Manage Cortex Search costs¶
Cortex Search Services incur three types of costs:
Category |
Phase |
Description |
|
---|---|---|---|
Virtual warehouse |
Indexing |
WAREHOUSE_METERING |
Cortex Search employs a Virtual Warehouse to orchestrate embedding jobs, materialize the source query, and build the search index. You incur warehouse costs only during creation and refresh of a search service. |
EMBED_TEXT |
Indexing |
AI_SERVICES |
Behind the scenes, Cortex Search uses vector embedding for semantic search, calling EMBED_TEXT_768 or EMBED_TEXT_1024 to convert each document as a series of numbers that encodes its meaning. Embeddings are computed each time a row is inserted or updated. |
Serving |
Serving |
AI_SERVICES |
After documents have been indexed, Cortex Search establishes a low-latency, high-throughput service that serves queries against the index. You incur these costs while the service is available to respond to queries, even if no queries are served during a given period. |
This topic provides recommendations for managing these costs.
Managing indexing costs¶
- Minimize warehouse size
Most services do not see improved indexing performance beyond a LARGE warehouse and many need only MEDIUM. Most of the compute time used in building an index is consumed by the text embedding function, which does not benefit from more cores or additional memory when it already has sufficient resources.

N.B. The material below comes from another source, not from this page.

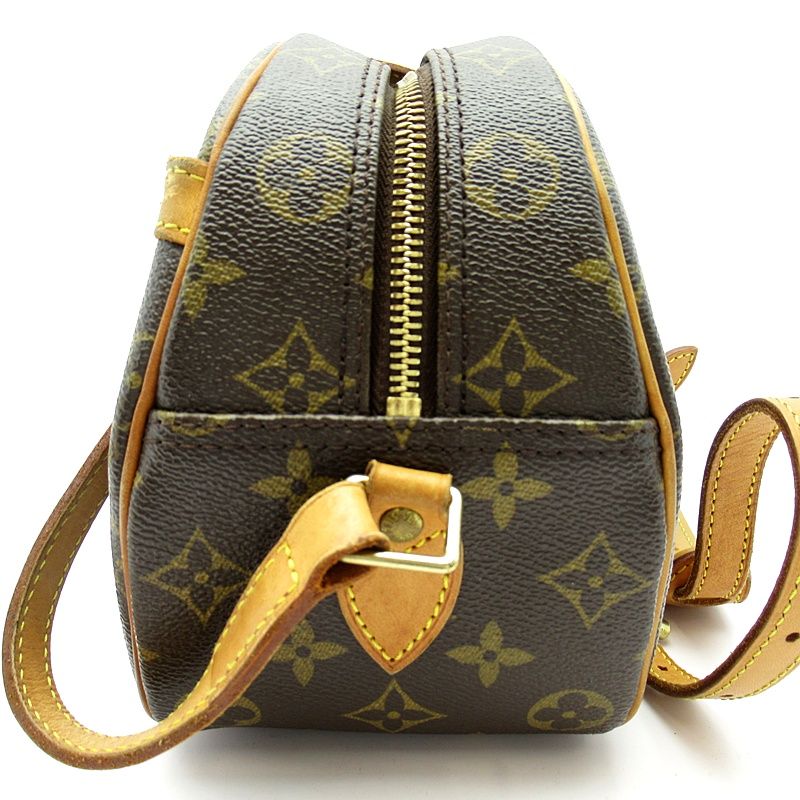 Louis Vuitton Blois Monogram Shoulder Bag Brown — view 3
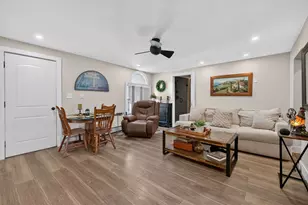 826 Broadway, Raynham, MA 02767 - Photo 17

- Suspend indexing when freshness isn’t important
Suspend indexing (or increase target lag) when you don’t need changes in your documents to be immediately propagated to the search service (that is, when freshness isn’t as important during some period)
- Set target lag according to business requirements
Not every search application requires real-time indexing. A target lag that is too low may cause your index to be refreshed more frequently than necessary. For example, if your source data updates every five minutes, but the consumer of the data only queries the search service once an hour, set the target lag to one hour, not five minutes.
- Bundle changes together
There is a fixed component to the cost of an update, so fewer, bigger updates are less expensive than more frequent, smaller updates. Likewise, any change to any value within a row triggers the search column in that row to be re-embedded, even if the data within that search column is unchanged, so it is better to accumulate all the changes to a row into a single update.

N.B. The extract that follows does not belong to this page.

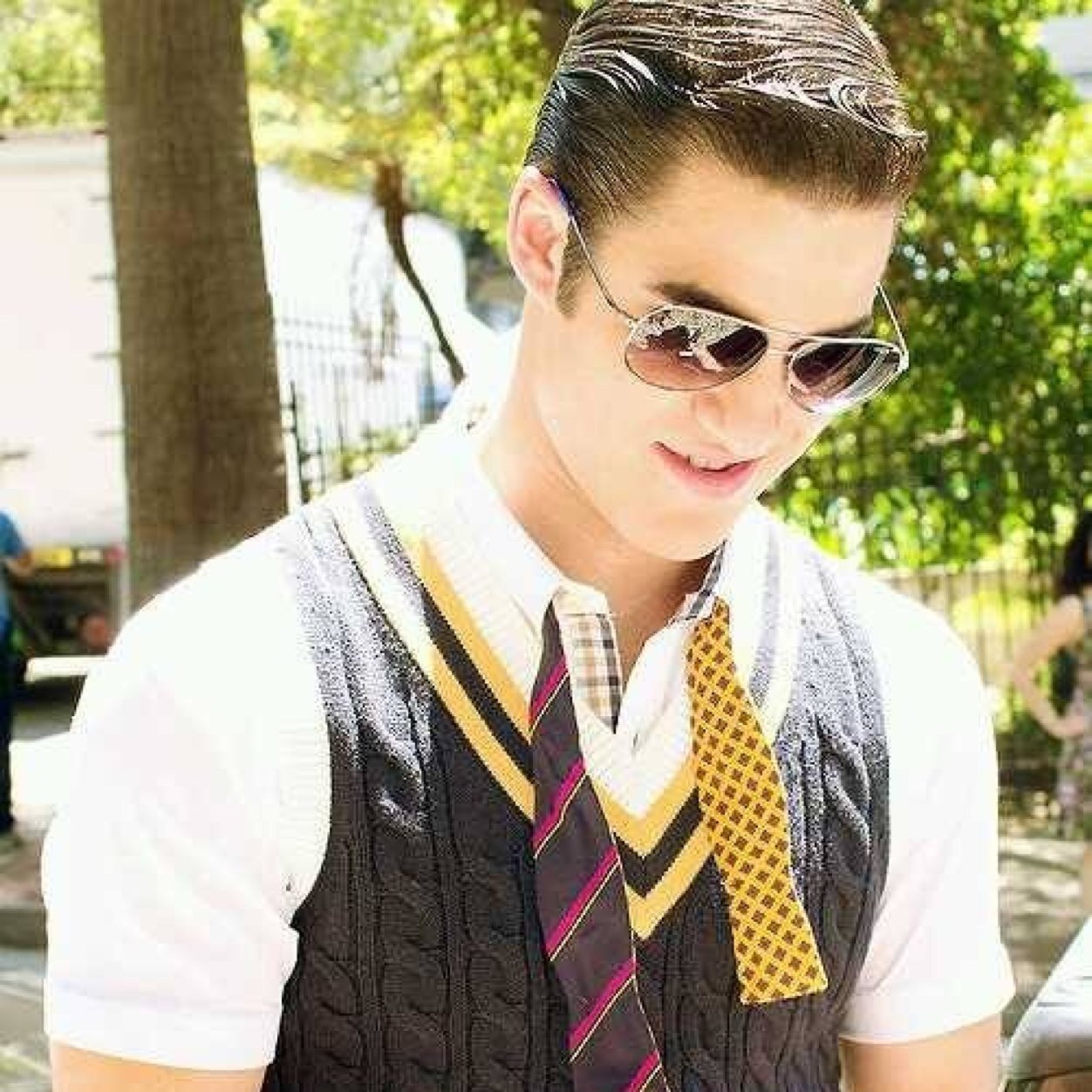 Married to @KurtHummelFake. Former Warbler, Current New Directions member. lifes good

- Minimize changes to the source data
Any change to the schema of the source query causes a full refresh of the service, including vector embeddings and indexes. When you create a large service, consider including extra payload columns for later use, so you don’t need to trigger a full refresh by changing the schema when you need to add a column. The cost of the additional columns is low.
Tip
Materializing data in a table in the source query with a CREATE OR REPLACE command causes the service to fully refresh and re-embed all vectors. It’s better to update the source table incrementally (for example, with MERGE INTO).

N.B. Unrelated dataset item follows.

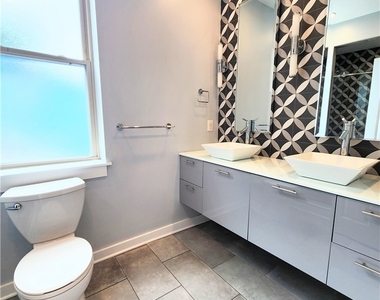 6026 Butler St - Photo Thumbnail 3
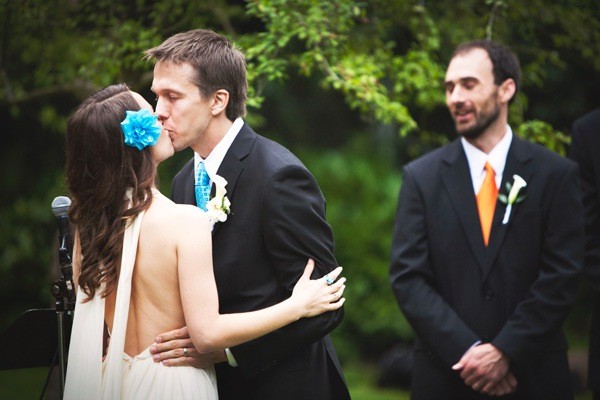 small-garden-wedding-prairie-and-andis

- Keep the source query as simple as possible
Joins or other complex operations can add to indexing cost (and may be better to apply during ETL or at another stage). Refer to the Dynamic Tables Best Practices for more information on optimizing pipelines.
Managing serving costs¶
- Suspend judiciously
A running search service incurs costs even if it is not serving queries. Suspend the service when it is not needed, for example during development. It typically takes only a few minutes to resume a suspended service.
Observing costs¶
To learn more about the costs of your Cortex Search services, use the following Account Usage views.
CORTEX_SEARCH_DAILY_USAGE_HISTORY view contains daily totals for EMBED_TEXT and serving credit usage per service. Snowflake intends to also provide virtual warehouse usage in this view in the future.
CORTEX_SEARCH_SERVING_USAGE_HISTORY view includes hourly serving credits per service.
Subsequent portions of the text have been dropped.